The world is bigger than this 1%. We only think they represent the majority because they are the loudest and most visible.
The quiet people are thinking. And apparently, there’s more of them than we realize. I’m betting one of the reasons they are quiet is that they have no time or patience for the tic-tac-toe futility of the bickering that seems so prevalent on the internet today.
Thank God. Because there’s a LOT of intolerant and judgemental people on the internet who could use a day or two off the grid to regain some perspective.
#seepeople and #edify, because everybody is #justadifferentkindofbroken
Reading too much on the internet today and keep thinking one thing:
Sarcasm is an ineffective persuasive technique.

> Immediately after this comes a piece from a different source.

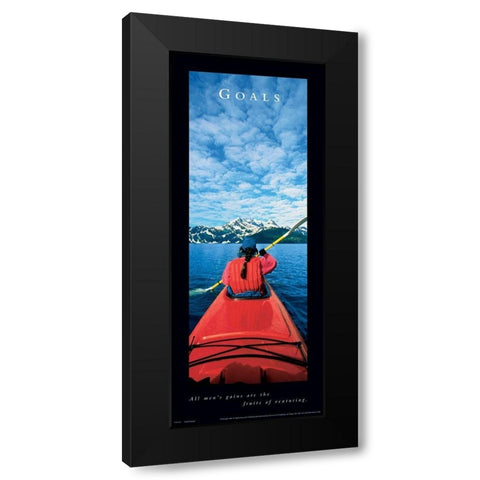 Goals Kayak Black Modern Wood Framed Art Print with Double Matting by Unknown
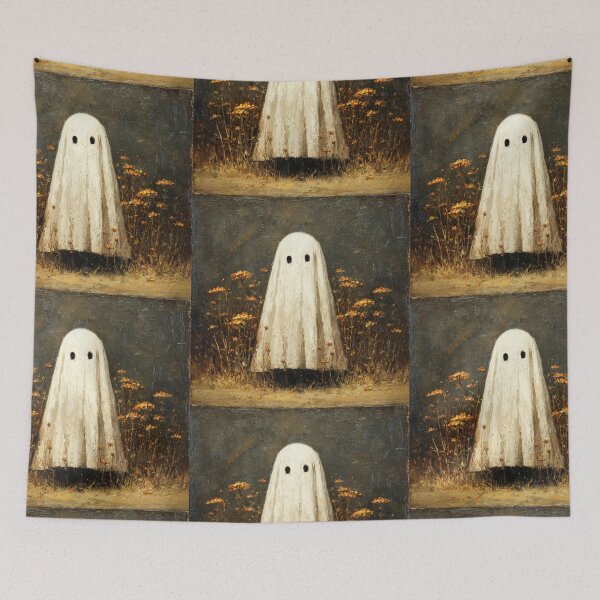 Item preview, Ghost With flowers designed and sold by MendaciousMina.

It’s condescending, arrogant, divisive and shuts down dialog. It’s too often used by people in a manner to indicate that an issue is simple and anyone who doesn’t see the simplicity and logic of their side of an argument is an idiot to be ridiculed and dismissed.
If these issues were simple,
they wouldn’t be so controversial.
Anyone who uses trite, flippant sarcasm to make a point – especially without even acknowledging any opposing points of view – loses credibility with me
– and my interest in any discussion with them about how stupid the other guy’s point of view is
– regardless of whether I am the other guy or am aligned in opinion with the person wielding the sarcasm.